デジモンアドベンチャー:第39話感想

デジモンアドベンチャー:第39話「ジャガモン ポテト地獄」感想

脚本:冨岡淳宏 演出:セトウケンジ 総作画監督:仲條久美 作画監督:荏原裕子、Lee Yeong-gyu、Noh Gil-bo、原憲一

●全体を見て:録画のタイトルには「丈のポテト愛!」と追加されている。
前回に続いて、闇の力でも弱肉強食の敵でもないデジモンとの戦いがメイン。戦いばかりが続いていたのが嘘のよう、テイルモンの休息の勧めが何だか今更。でもこういう回はいい。ファストフードが話題というだけで楽しくなる。ただ、次回も太空がメイン?この時期になってやっとキャラの掘り下げ回が続くのも全体としてバランスが悪いように感じる。やっと8人揃ったのにファーガへの切迫感がなく、キャラの掘り下げはもっと前にやってほしかった。
丈先輩が主役なのに、正直そんなにうれしくなかった。
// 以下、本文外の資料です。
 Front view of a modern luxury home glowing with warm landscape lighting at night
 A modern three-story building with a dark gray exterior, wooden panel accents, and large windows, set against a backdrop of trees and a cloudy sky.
なぜなら、無印第7話「咆哮!イッカクモン」の時の骨太さや02で伊織を支えた第16話「サブマリモン海底からの脱出」の時のようなやさしさ誠実さ…要するにイケてるカッコよさがなく、「地獄」だ「愛と悲しみ」だ、「ポテト愛」「ポテ友」という訳のわからない要素で固めたのには引くし、「滑った」ネタも健在、結局ギャグ回なんじゃという不満が丈ファンにはあるのだと言ったら厳しいだろうか。もちろん、皆に協力を仰いだり素直に礼を言うところはポイント高く、丈先輩の責任感、やさしさ、誠実さ、求心力が表われていたのは認めるが。丈先輩は本当に芯がカッコイイんだよ!と言いたい。
なぜポテモン以外のデジモンがフライドポテトを残すのか、ストーリー上大切だと思うのだが理由が見当たらないのが残念。ゴマモンのように食べづらかったから?事後ポテトメニューを増やしたら好評だったから、単なる食わず嫌いなのか、それにしても食わず嫌いな理由がわからない。バーガー単品が好かれてフライドポテトが不評なのがわかっているのにポテトも調理してしまうってなぜ?注文に応じて作れば残らないのに。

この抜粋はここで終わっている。